**SOURCE DATA**.
::::::::::
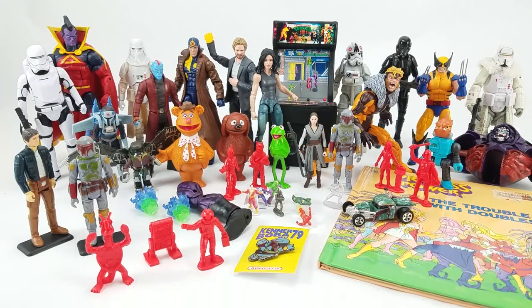Dan Larson here at the photo booth with this week's mail. Up first is Brandon from Lexington, Kentucky — a longtime viewer and very generous sender of things to the show.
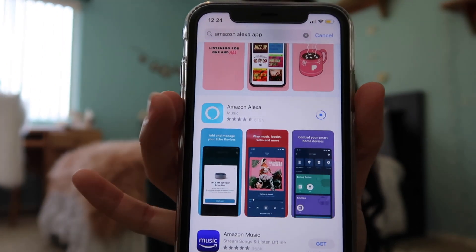So I need to download the app. I guess we should do that — my camera is gonna die. That's so funny. Okay, so this is what the app looks like. I'm downloading it right now. Amazon would like to use Bluetooth. Oh gosh, I have to make an account.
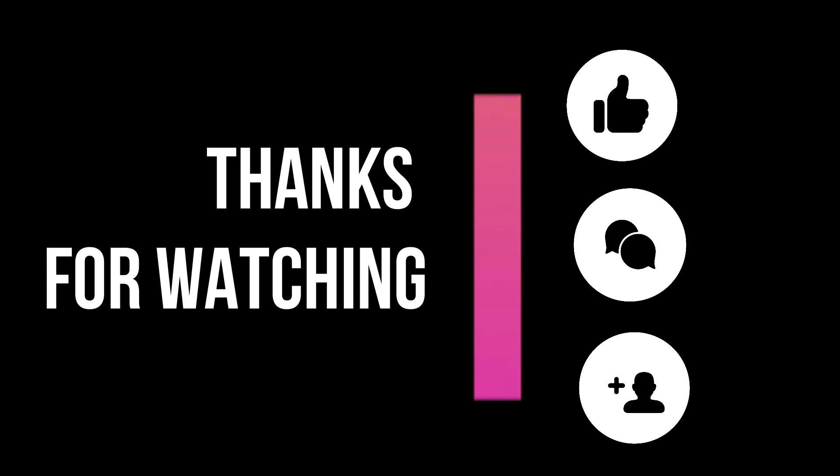That was it and we've reached the end of the video. Thank you so much for watching and for being here. Let me know your thoughts in the comments down below — tell me if it was helpful or not. Don't forget to hit the like button if you enjoyed this video, and subscribe to my channel and click the notification bell so you get notified every time I post. There's a lot of stuff coming up on my channel, so stay tuned for more videos. I'll see you in the next one — bye!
::::::::::
**EXERCISE REQUIREMENTS**.
Each line from the start of the listing above through the line with "So I need to" is what to output, exactly as written and without pictures.

**ANSWER AREA**.
Dan Larson here at the photo booth with this week's mail. Up first is Brandon from Lexington, Kentucky — a longtime viewer and very generous sender of things to the show.
So I need to download the app. I guess we should do that — my camera is gonna die. That's so funny. Okay, so this is what the app looks like. I'm downloading it right now. Amazon would like to use Bluetooth. Oh gosh, I have to make an account.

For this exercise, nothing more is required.